Mortgage lending is not an easy area to navigate, particularly for those involved in complex transactions. Not only is there a need to abide by state and federal lending laws, there is also a need to carefully structure agreements so that transactions go as smoothly as possible and don’t lead to legal liability and financial loss.
In the world of commercial mortgage lending, one common practice is to use loan participations. Loan participation can be beneficial in that it can allow a lead bank to increase liquidity and share risk with other lenders. It can also allow participating lenders to diversify their lending portfolios without having to underwrite and service the loan. There are risks associated with loan participation, though, and both lead banks and participating lenders need to take steps to minimize these risks.
One important point for both lead banks and participating lenders is to carefully clarify the roles of both parties in participation agreements.
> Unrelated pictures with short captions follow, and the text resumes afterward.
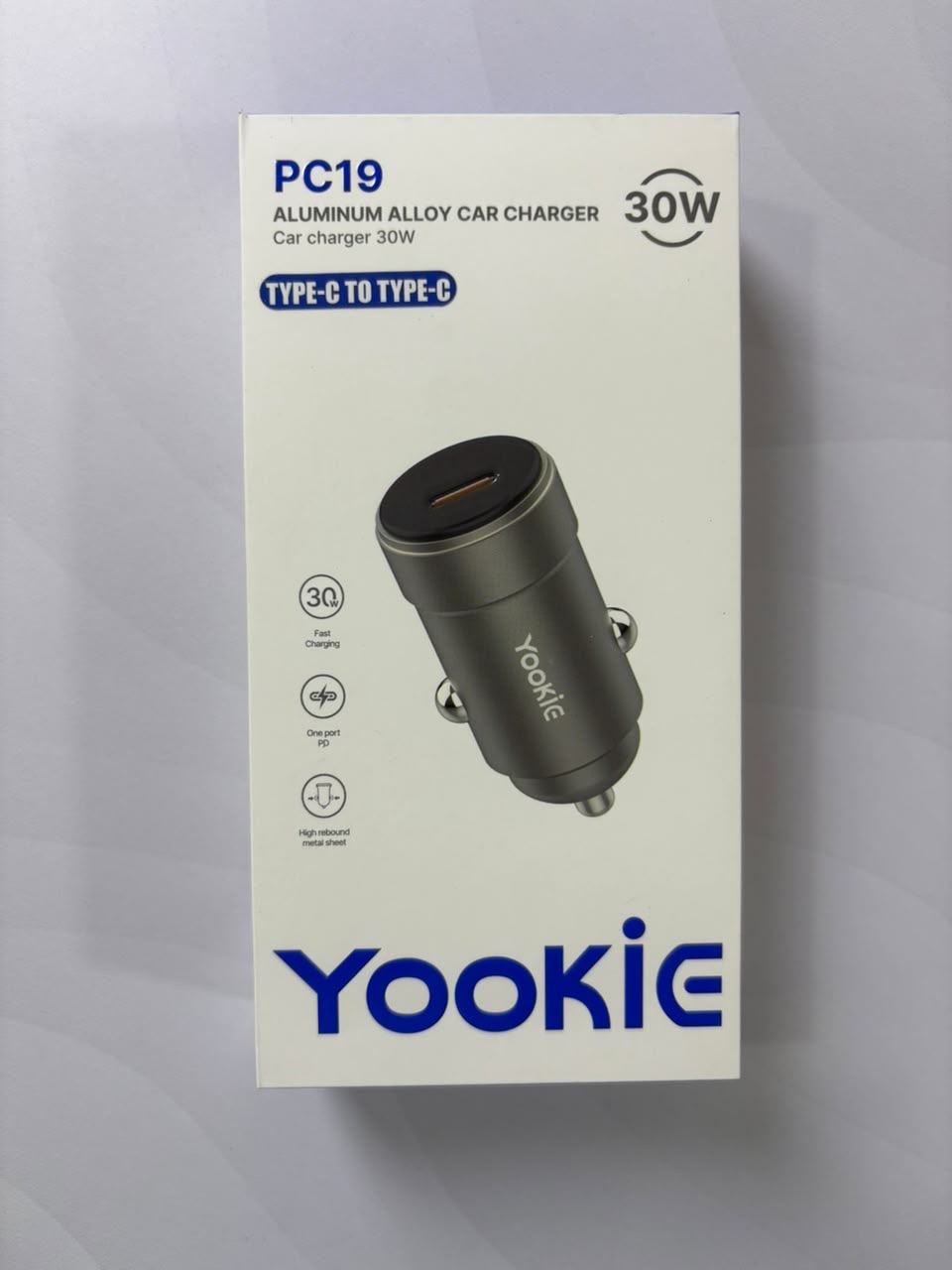 Cargador de carro 30w Marca Yookie - TuCase.sc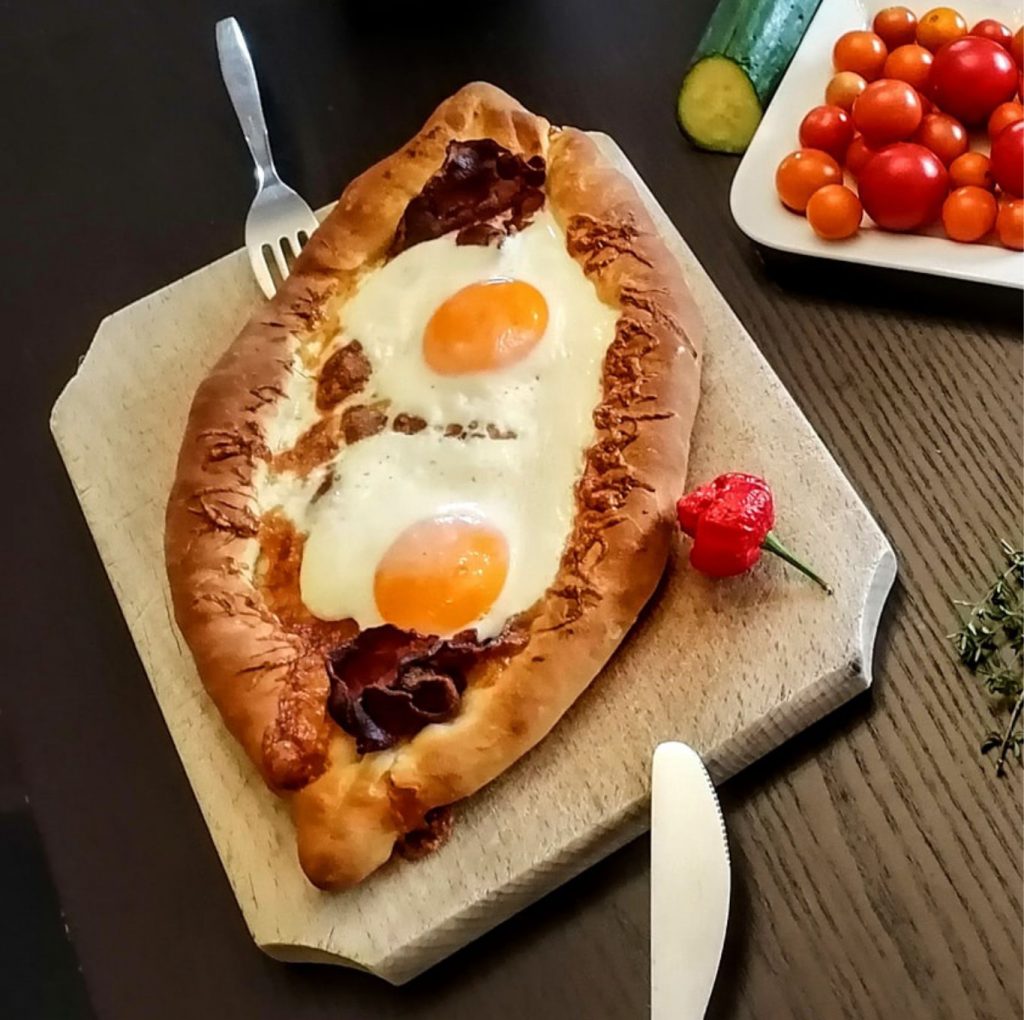 Chačapuri – gruzínska loďka z cesta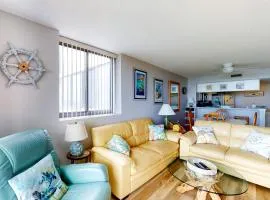 4th-Floor oceanfront condo with amazing view, WiFi & shared pools/hot tub/gym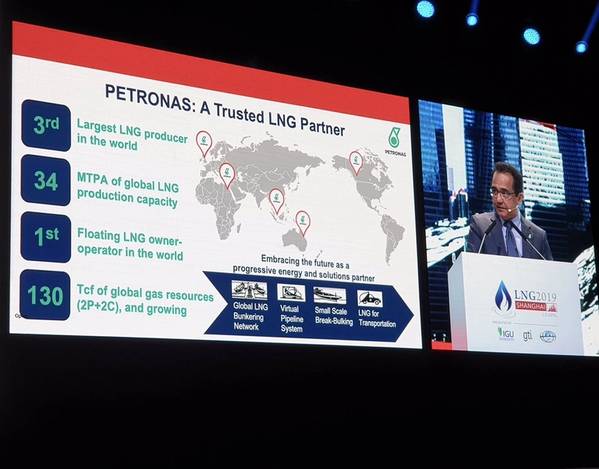 Wan Zulkiflee speaks at the LNG2019 conference in Shanghai (Photo: Petronas)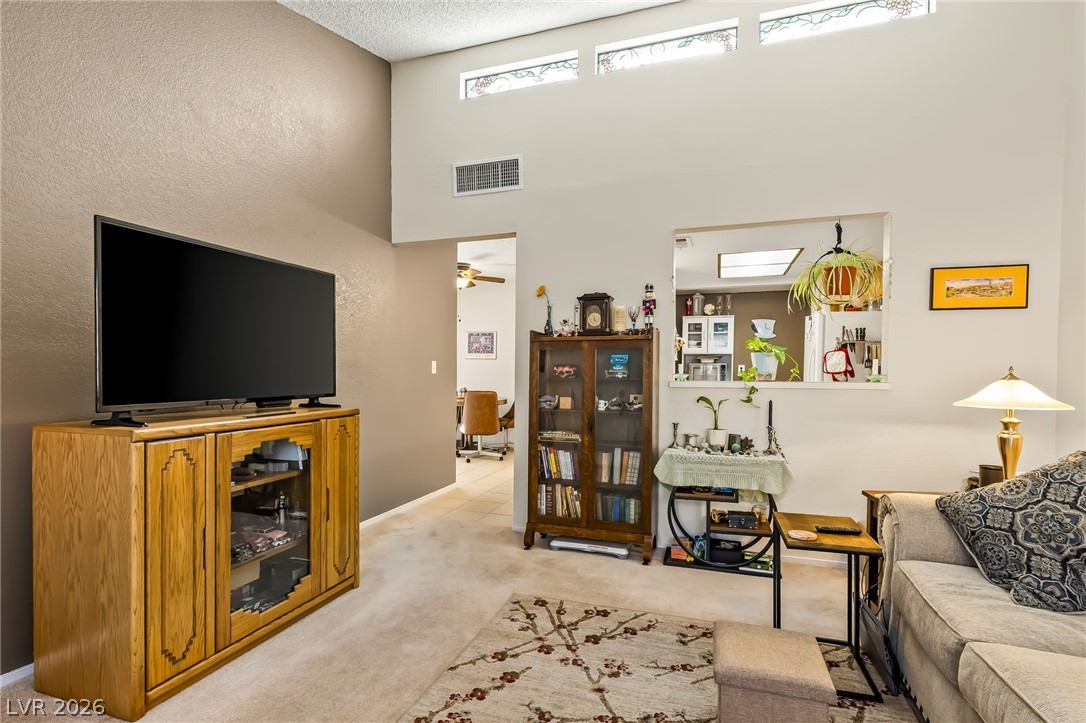2136 Pebble Creek Lane Property Photo 6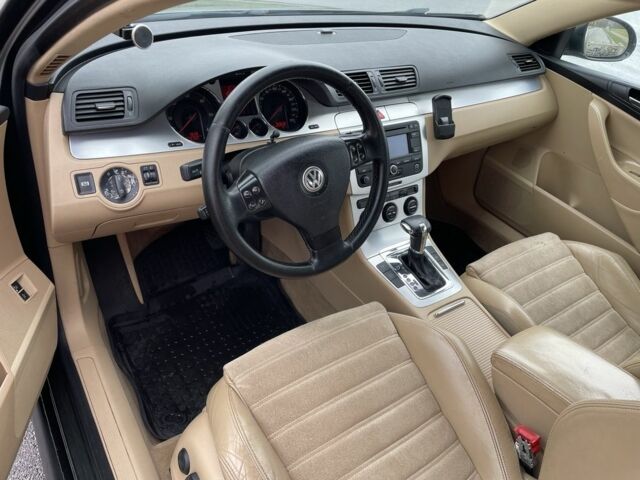 Зеленый Фольксваген Пассат, объемом двигателя 2 л и пробегом 350 тыс. км за 3750 $, фото 10 на Automoto.ua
Terms can vary, but in an ordinary participation agreement, there is no fiduciary relationship between the lead bank and participating lenders unless the participation agreement clearly imposes fiduciary duties on the lead bank. Participation agreements are usually set up as a contract involving a buyer and seller, with no agency relationship. In many cases, original lenders also disclaim all liability. These factors can affect the risks involved in these transactions.
Many participation agreements require participating lenders to acknowledge that they did not rely on the lead banks analysis of the loan documents, the borrower’s credit, and the collateral. Even in cases where there is no such provision, participating lenders should always rely on sound legal counsel and do their own due diligence rather than relying on the work of the lead bank.